The hall porter had witnessed all types come through the front door of the exclusive gentlemen’s club and knew better than to bat an eye when the stranger flashed a deckle-edged calling card then eschewed removing his damp coat, hunting hat and woolly muffler, indicating with a cavalier gesture that he knew his way to the Stranger’s Room and would not be requiring the services of a liveried footman as he scribbled a signature in the visitor’s book.
Well, well, so that was the great consulting detective, Mr Sherlock Holmes; not as tall as he imagined - heroes were always a little disappointing in real life - must be paying his brother a visit. Dr Watson had arrived a few minutes ahead of him. Something was afoot.

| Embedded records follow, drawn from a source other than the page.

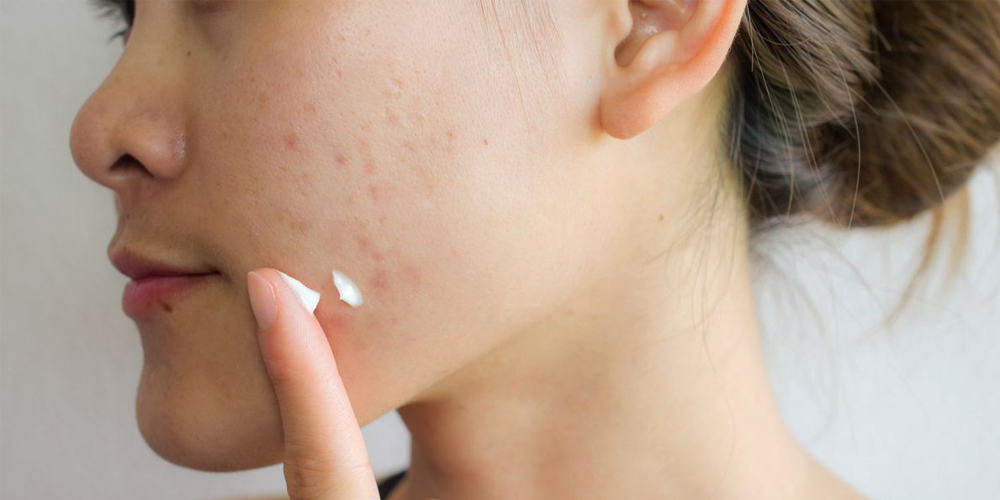  Best Medicinal Creams To Treat Pimples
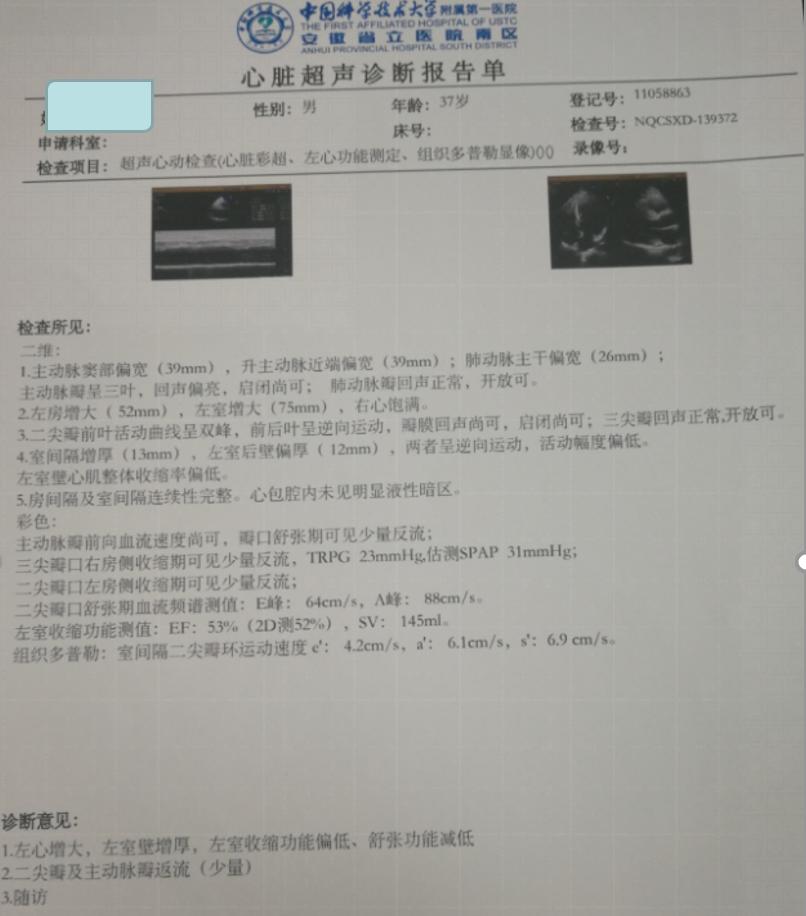 专家讲解arni药治疗心衰病例,抗心衰药物arni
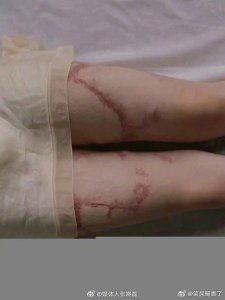 ​合肥16岁少女周岩因为拒绝富二代同学陶汝坤追求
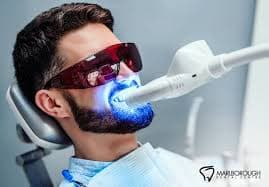 Teeth Whitening Options in Orlando: At-Home vs In-Office (What Actually Works?)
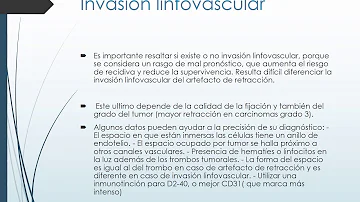 ¿Cuáles son los factores pronósticos?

What a coup! The muffled stranger felt an exalted frisson as he skirted the Teutonic tree and traversed the chequered marble floor, glancing briefly into the reading room that reeked of expensive cigars, hair oil and flatulent men.
Fortunately the door to the Stranger’s Room was clearly marked and there was no chance of a cock-up. He walked straight in and closed the door behind him. There was no going back now. The room was imbued with a distinctly masculine ambience. Dark oakwood panelling and a weird otherworldly glow from a scatter of table lamps with green shades gave it the feel of a necromancer’s den or alchemist’s lair.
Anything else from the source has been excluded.